The CON29DW Explained – changes in basis of charging

Our series on the questions in the CON29DW concludes with a look at changes in the ways properties are charged.

The final question of the CON29DW, 4.5, reads “Will the basis for charging for sewerage and water services at the property change as a consequence of a change of occupation?”

As explained in our discussion of question 4.4, properties are usually billed on either a measured or unmeasured basis (i.e. with a water meter, or based on the property size & value). And while this basis of charging will usually remain consistent from one owner to the next, there are circumstances where it can change.

The first of these is where a water meter is installed at the property, but not currently being used. Any property owner is entitled to have a meter fitted for free by their water company.

After fitting, owners have the option of reverting back to an unmeasured basis should they change their mind. The most common reason for this is the measured supply working out more expensive than anticipated. For Severn Trent customers, customers can revert to an unmeasured basis within 24 months, or 30 days after receipt of their fourth bill. You can read more about this on Severn Trent Water’s website. The meter will remain in place, but not be used for charging the property.

This is relevant to question 4.5 because if a meter is fitted at a property, any new occupants will be charged on a measured basis, regardless of how the property was previously charged. This means that even though a property is billed as unmeasured for the current owners, upon a change of ownership, the new owners will pay for the property on a measured basis.

Water companies are also entitled to fit a meter at a property when there is a change in occupation. Although Severn Trent do not presently do this, a number of other companies – including South Staffs Water, who operate within the Severn Trent region – do. The government prefers properties to be fitted with a meter as it reduces wastage and allows customers to be charged more fairly, and they introduced legislation allowing water companies to fit meters upon change of occupation.
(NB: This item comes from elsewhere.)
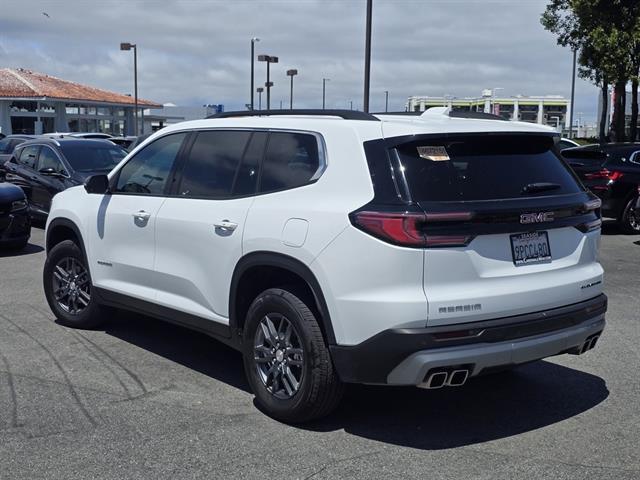 2025 GMC Acadia Elevation Seaside CA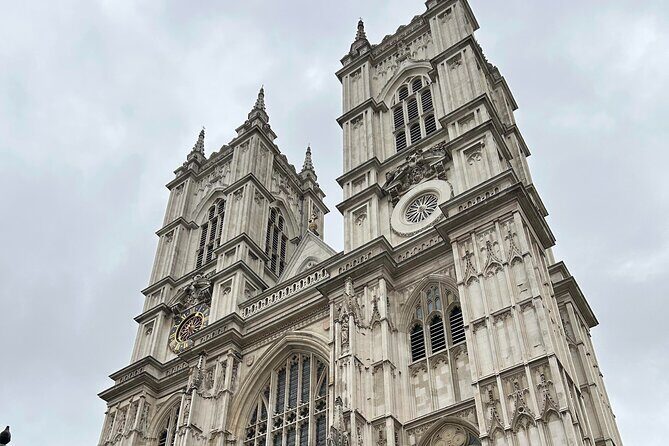 Westminster Abbey Private Tour Oxford PhD Historian Skip the Line - Is It Worth the Cost?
While many regulated searches (and some solicitors) believe that a water bill is a reliable indicator of how the property will be billed in future, this is not always the case. Although a measured property will not switch to unmeasured upon change of occupancy, the opposite can be true. As the presence or absence of a water meter can make a substantial difference to a property’s bills, we would always recommend confirming how a property will be charged.